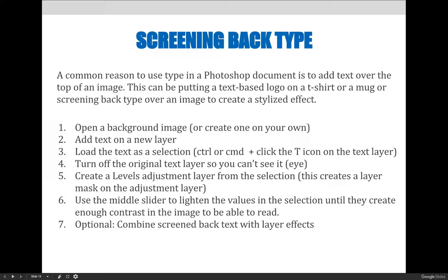Turn off the original text layer so you can't see it. Create a levels adjustment layer from the selection. This creates a layer mask on the adjustment layer. Use the middle slider to lighten the values in the selection until they create enough contrast in the image to be able to read.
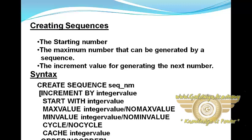These all are keywords that are used in sequence. Some of them are optional.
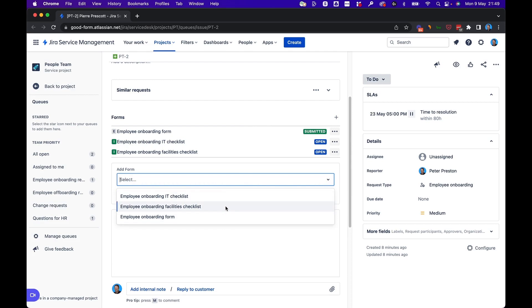So that's how you manually add multiple forms to a single request in Jira Service Management.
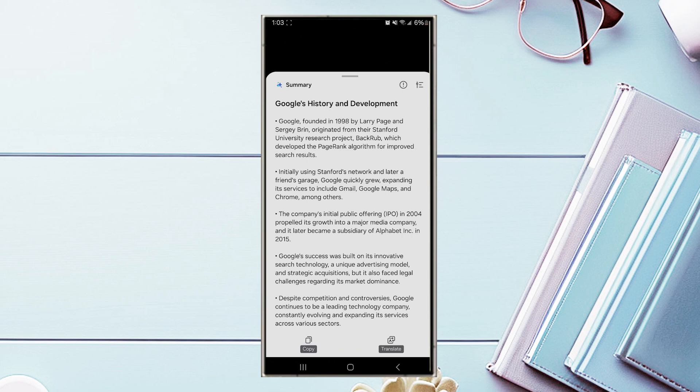And there you have it everyone, just a quick video on how to both enable and use the Samsung Internet AI features on your Samsung Galaxy S24 phone. If you like this kind of content...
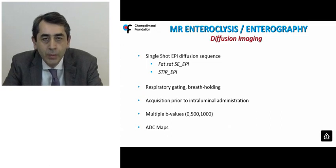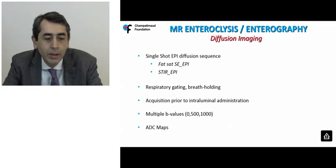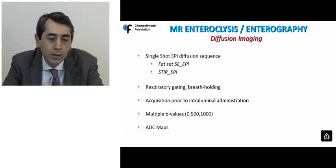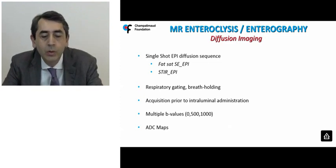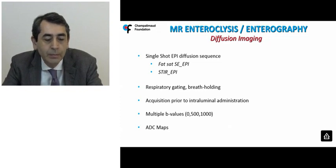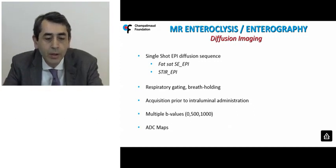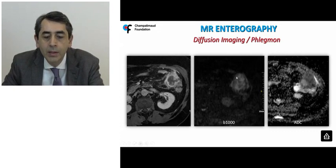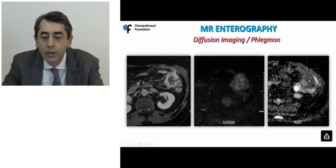The diffusion imaging protocol comprises a single-shot EPI technique, with either fat suppression or an inversion prepulse. Respiratory gating or breath-holding is incorporated to cope with respiratory motion artifacts, depending on the scanner. In MR enteroclysis, the acquisition should be done prior to intraluminal contrast administration to save time. Multiple B-values should be acquired, especially to reconstruct apparent diffusion coefficient (ADC) maps. An example shows a patient with an inflammatory mass — a phlegmon — appearing as bright areas of high signal intensity on high B-value, corresponding to restricted diffusion, confirmed on the ADC map.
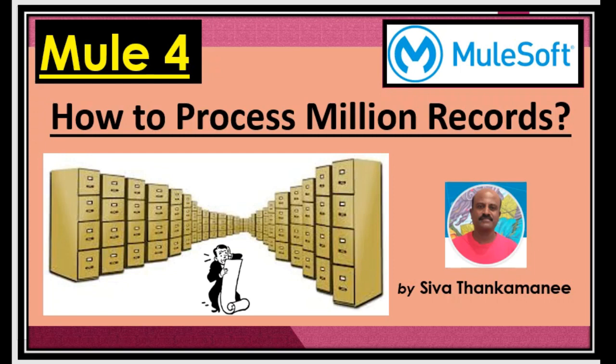Hi friends, welcome back to Mule 4 series of learning videos. I am Siva Thankamanee, an integration technical architect.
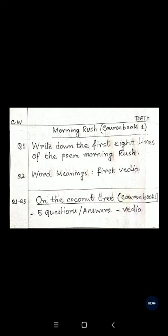The first chapter is Morning Rush. Write the heading 'Morning Rush' and mention Course Book 1. Question number 1 is: write down the first 8 lines of the poem Morning Rush in your copy, in neat handwriting.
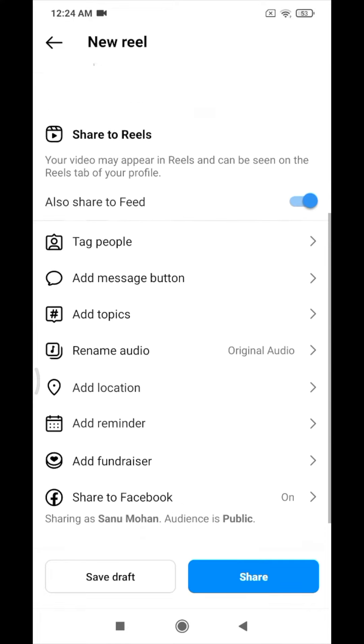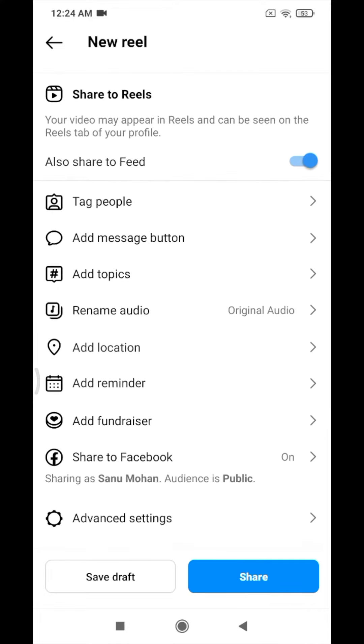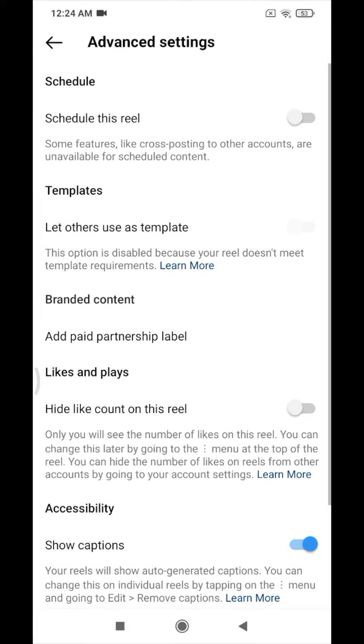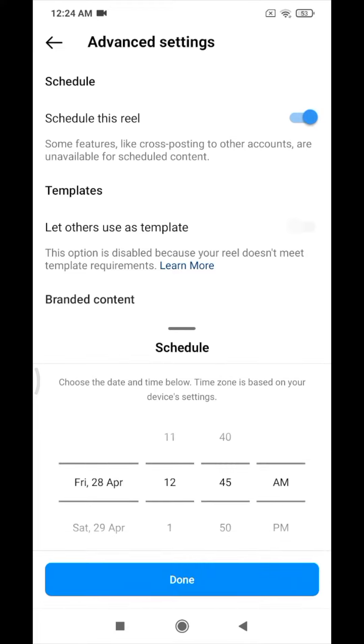We will click on the captions, the hashtag, and the add-on settings. We will click on the schedule and open the schedule. Then we will click on the schedule.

TASK GOAL - The expected output is the lines above from the one containing "So that's how" to the one containing "And there you", both ends included, reproduced exactly with every picture left out.

TASK OUTPUT -
So that's how you manually add multiple forms to a single request in Jira Service Management.
And there you have it everyone, just a quick video on how to both enable and use the Samsung Internet AI features on your Samsung Galaxy S24 phone. If you like this kind of content...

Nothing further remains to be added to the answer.